Abstract

The photodissociation dynamics of bromoform cation, CHBr3+, have been studied at 308, 355, and 610 nm by means of time-of-flight mass spectrometry combined with ion velocity imaging. The bromoform cation is produced via vacuum ultraviolet photoionization at 118 nm. The only fragment ions found in the time-of-flight spectra at 355 and 610 nm are CHBr2+ ions. At 308 nm CBr+ and CHBr+ ions are also found in the time-of-flight spectrum in addition to the CHBr2+ ions. These results indicate that there is only one dissociation channel that produces CHBr2++Br at both 355 and 610 nm, while there are two more channels involved at 308 nm.
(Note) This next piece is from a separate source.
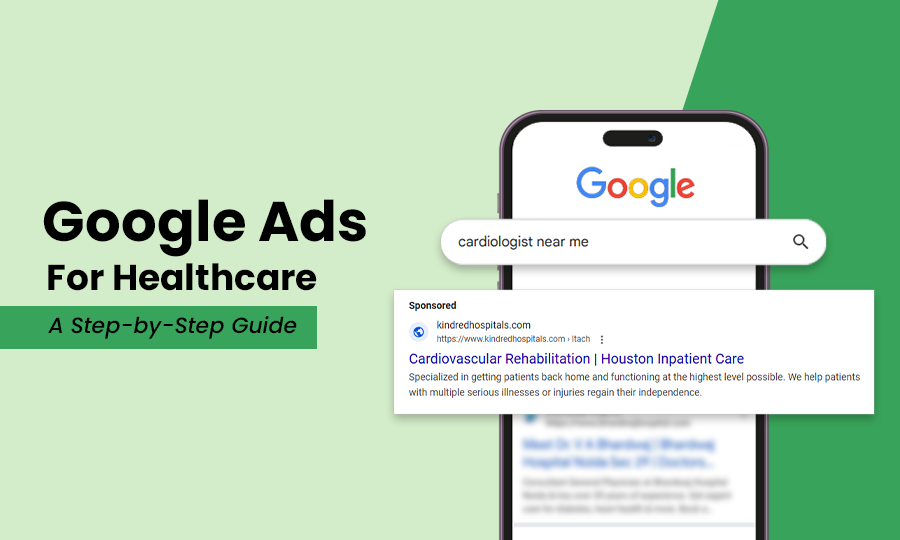 google ads for healthcare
One is a molecular bromine elimination channel forming CHBr++Br2, and the other is a three-body dissociation channel producing CBr++HBr+Br. Translational energy and angular distributions for each channel are deduced from the two-dimensional images of CHBr2+, CHBr+, and CBr+. A soft fragment impulsive model closely reproduces the fraction of the available energy in translation for the atomic Br channel. The absence of Br2 channel at 355 nm may indicate a highly dynamically restricted gateway for the molecular elimination, which requires a specific molecular configuration, i.e., a three-center transition state, before the molecule falls apart along the much simpler atomic elimination channel.